## WORK ITEM
What is wanted is the full listing, word for word, without its pictures.

++++ RECORDS FOR THIS TASK

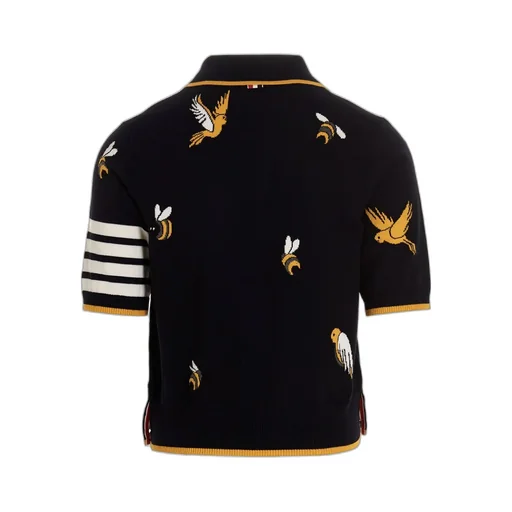 4-Bar Birds Bee Intarsia-Knitted Polo Shirt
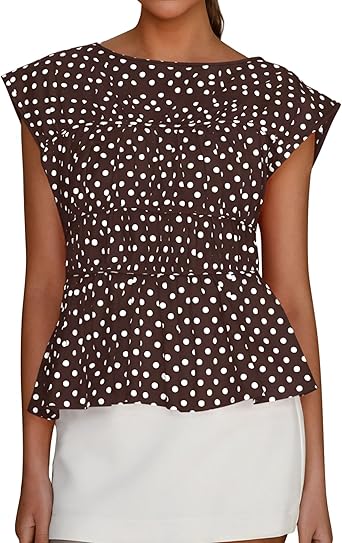 BTFBM Casual Short Sleeve Shirts Summer 2026 Going Out Tops for Women Trendy Polka Dots Work Blouses Tunics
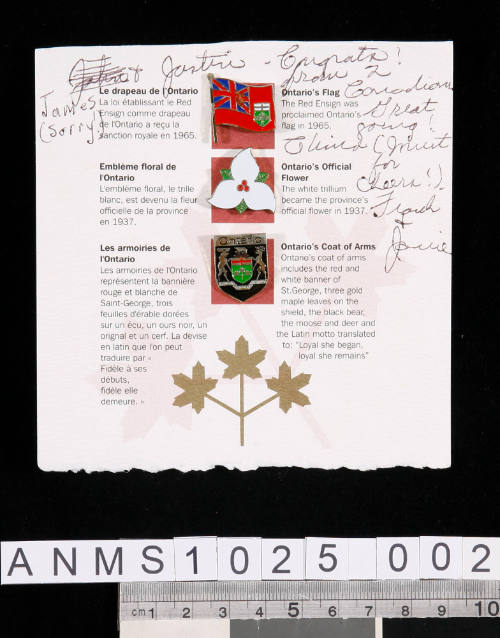 Congratulatory note to Justin and James written on a card with three Ontario Canada souvenir pins
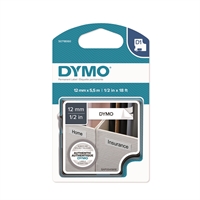 Tarrakasetti Dymo D1 permanent 12mm valk/musta - 100 % kierrätysmuovia, FSC-sertifioitu tarrapaperi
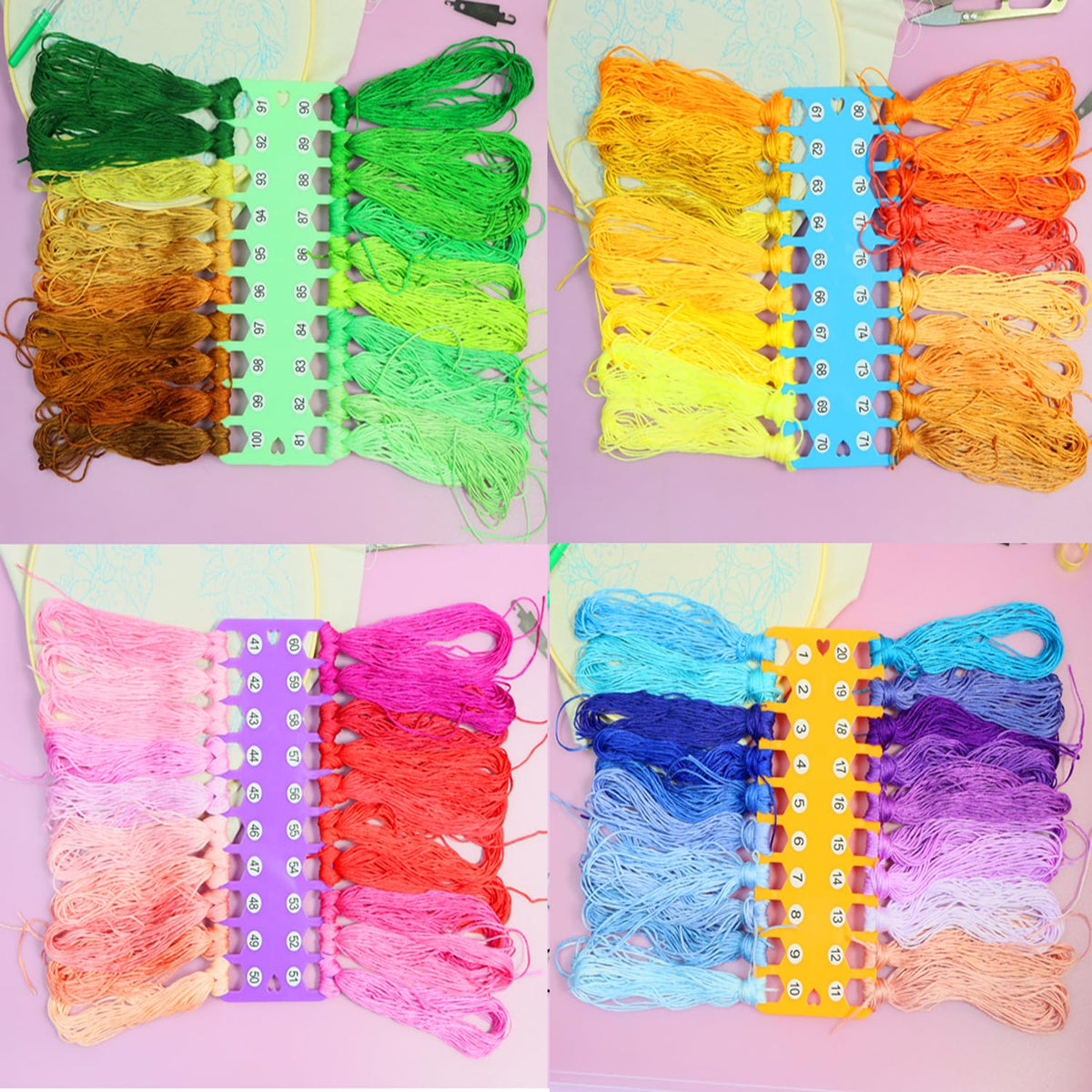 Hyamass 10pcs Embroidery Floss Organizer Cross Stitch Thread Holder Storage Tool Needlework Project Card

++++++++

## SOLUTION TO THIS TASK
 4-Bar Birds Bee Intarsia-Knitted Polo Shirt
 BTFBM Casual Short Sleeve Shirts Summer 2026 Going Out Tops for Women Trendy Polka Dots Work Blouses Tunics
 Congratulatory note to Justin and James written on a card with three Ontario Canada souvenir pins
 Tarrakasetti Dymo D1 permanent 12mm valk/musta - 100 % kierrätysmuovia, FSC-sertifioitu tarrapaperi
 Hyamass 10pcs Embroidery Floss Organizer Cross Stitch Thread Holder Storage Tool Needlework Project Card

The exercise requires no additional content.